A While back some one posted a link to Ebay for 1/87 scale cheep cars in lots from China or Hong Kong 
they where cheep and more True to 1/87 scale then the 1:100 scale lots that are on ebay that there calling HO 1/87. I cant seem to find them on ebay any one remember or seen them on ebay and have a link Thanks for your help


----------



## raleets (Jan 2, 2011)

It's been my experience the Chinese cars are all smaller than 1:87. 
Classic Metal Works (CMW) cars are spot on, with high quality, but you can easily spend a LOT of money on them if you don't shop carefully. :eyes:
One of the best bargains out there is a group of cars known as "Fresh Cherries". They can be found on eBay and from other suppliers via Google. They're decent quality, true to scale, and reasonable. 
My 10'X10' layout has over 125 vehicles on the roads and in the driveways that I've bought over the last 3+ years. I've never done the math because I don't enjoy hitting the floor in a dead faint. 
Lots of "onesies" and "twosies" have been purchased on eBay. If you go that route ALWAYS try to buy multiple vehicles from the seller to get combined shipping.


----------



## KAL5 (Sep 4, 2011)

True most of the Chinese cars are smaller but there was a seller from china that had the cars that where the 1/87 scale in size. I wanted them to add to buildings I sell on ebay as a little extra to go along. 
I like you on my Layout have a lot of the high $$ cars. And I have a Junk yard with all true HO scale damaged cars.
Why is it you can buy a Hot wheels car for a $1.00 but True HO start at like $3.00 and up


----------



## mopac (Feb 24, 2011)

Hot wheels are 1/64 and work great with S scale. Hotwheels has some good looking cars like you said for a buck. Alot less than our HO scale cars. I'll ask why also.


----------



## spoil9 (Dec 24, 2008)

Because one is a "toy" and one is a "model". You pay extra for the title of owning a "scale model" instead of just a "kids toy".
Might have to do with being able to push out the lower detailed hotwheels in larger bulk.


----------



## Old_Hobo (Feb 20, 2014)

Pure volume is the answer....Hot Wheels puts out MILLIONS of cars every year, in not that detailed die-cast metal.

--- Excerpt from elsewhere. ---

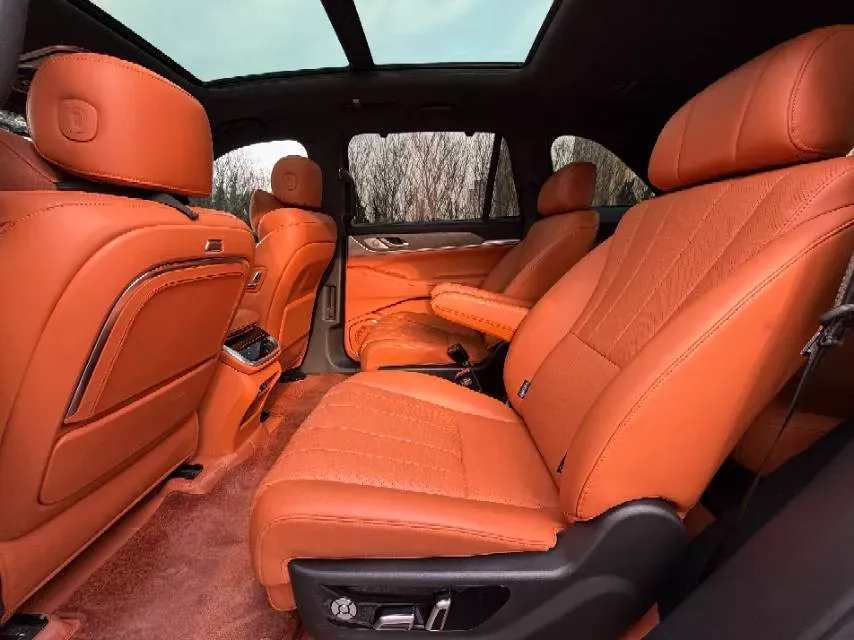 2023 WEY BlueMountain 1.5T 154HP L4 2DHT PHEV 44.5KWH,autocango,china used car exporter,china ev exporter,chinese used car exporter,chinese used ev exporter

HO scale cars are usually plastic, but can be die-cast, with a lot more detail and produced in way smaller numbers.......


----------



## Old_Hobo (Feb 20, 2014)

Speaking about Hot Wheels, look what I got; an H.O. Scale 1966 TV Show Batmobile, by Hot Wheels. It was mixed in the original box/case with an assortment of "normal" 1/87 vehilces; apparently it's hard to find....


----------



## Magic (Jan 28, 2014)

You must be in Australia. 

I new the guy that built that car, George Bariss, my brother use to do some paint work for him. George did the Munsters and Beverly Hillbillies cars as well. My brother painted the Munsters car.

Magic


----------



## raleets (Jan 2, 2011)

Can't recall ever seeing a Hot Wheels box marked 1:87. At least not around here.


----------



## Big Ed (Jun 16, 2009)

I anchored off Sandy Hook NJ and was snorkeling around the surf line.
I stood up on a sand bar and stepped on something,I thought it was a sea shell.

Look what I came up with. :thumbsup:
It was encased in barnacles but I could make out the shape of the Batman car.

I cleaned it up and Batman & Robin were still sitting in it. :smilie_daumenpos:


----------